Early in our marriage, Jennifer and I talked and prayed and realized that we feel called by God to exercise hospitality as one of our gifts. We didn't know exactly what that would mean, but it meant we were on the lookout for opportunities to welcome others, especially strangers, into our home. At the time we were living in North Carolina, far from either of our homes, so one of the ways we practiced hospitality was by deciding that rather than heading home for our Thanksgiving and Easter holidays, we would open our apartment for a "Feast of the Exiles" - holiday dinners for anyone who couldn't make it home on the short holidays. By our third year, the dinner had grown considerably, so that in our third Easter together we had 17 people invited over to our little apartment. We had chairs everywhere, in our hallway, in our little sitting area, and around our breakfast table. And we thought that we had thought of everything. As it turned out, many of our friends has serious food restrictions, but every dish was prepared with the utmost concern for our lactose intolerant friend, and our gluten intolerant friends, and our friends who tried to eat only organic. The centerpiece of the meal was the Easter ham. We had searched all over town for a ham that was totally free of preservatives, seasonings, or any other alterations. Jennifer scoured the internet and all her cookbooks to find a totally natural, gluten-free, recipe for preparing the ham, and finaly found one that used a made-from-scratch mango glaze. All was ready and set out, and we gathered our friends and we were so glad as we named each dish and explained how nothing was off the table for anyone. But when we got to the ham with its mango glaze, one of our friend's faces fell. Sheepishly she mentioned, "I had to go to the emergency room last week. Turns out, I'm allergic to mango. My lips go numb, my tongues swells up. I'm so sorry; it looks wonderful!"

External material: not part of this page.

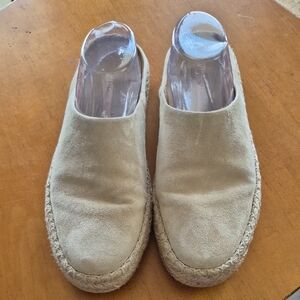 Vince Beige Ulla Suede Espadrille Mules. Sz 10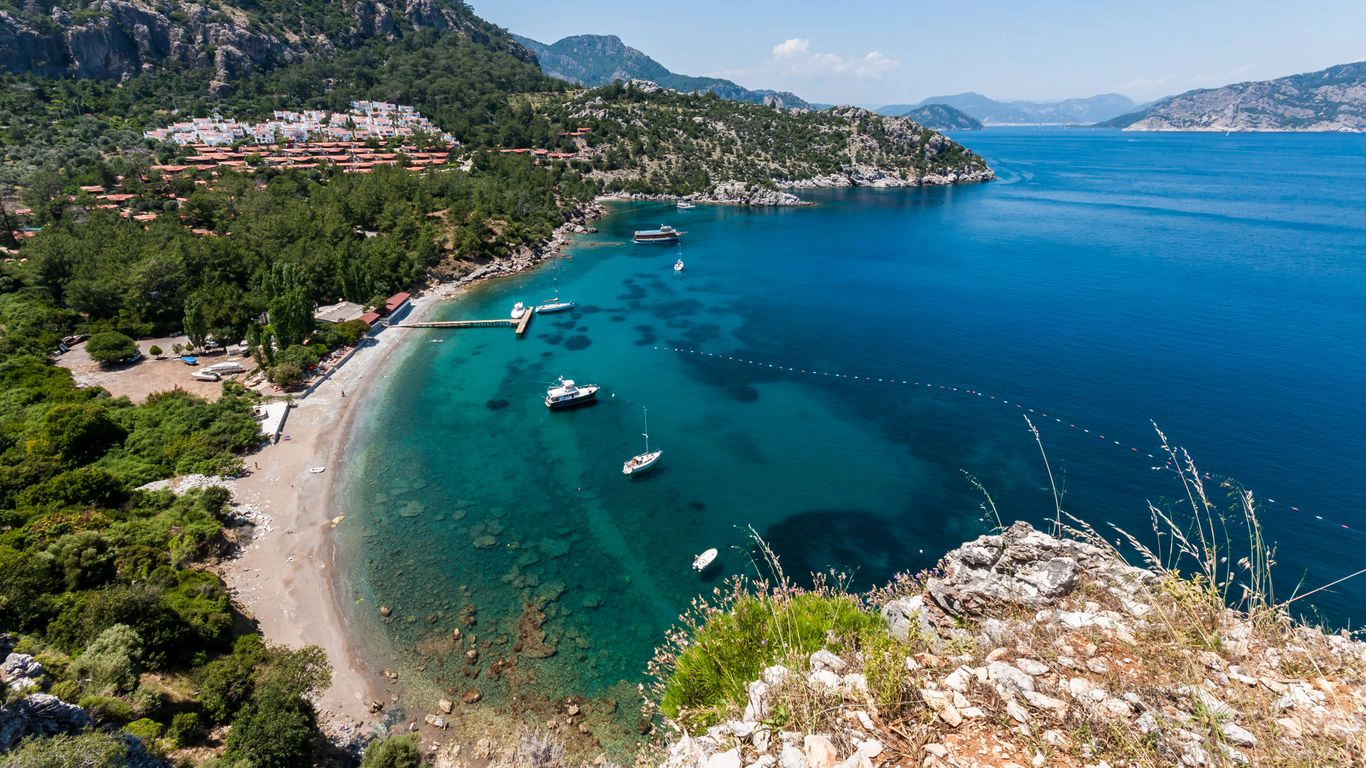Marmaris harbour and marina on the Turkish coast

That was only the beginning. Later, as we were eating, someone left the porch door to our ground floor apartment open and our neighbor's whippet decided to come for a visit. We discovered the whippet when it came flying through the door and lept over the couch I was sitting on, jumping over my head and landing in the middle of the coffee table where about 6 of us were eating.

Hospitality means preparing your heart to have things turned upside down every once in a while.

But of course, we Christians should be ok with that. Because what story do we have to tell if not that Jesus turns our lives upside down every once in a while? We worship a savior who has the power to change everything in our lives, but who refuses to exercise that power except in response to our own hospitality:

"Here I am! I stand at the door and knock. If anyone should hear My voice and open the door, then I will come in to him and will dine with him, and he with Me."

(Revelation 3:20)

He stands and knocks. He knocks insistently and sometimes loudly, but he always knocks. He often comes as an interruption, when we had other plans, but he always knocks. He won't bust down the door; he gives us free will and offers us the choice. If we cannot prepare time and space to welcome our neighbors or strangers, there's a good chance we aren't offering much space for God to interrupt us either. If we continue to ignore his knocking, who knows what we might miss? We are a hospitable people, because we have decided to let Jesus in - however, and in whomever, he chooses to knock.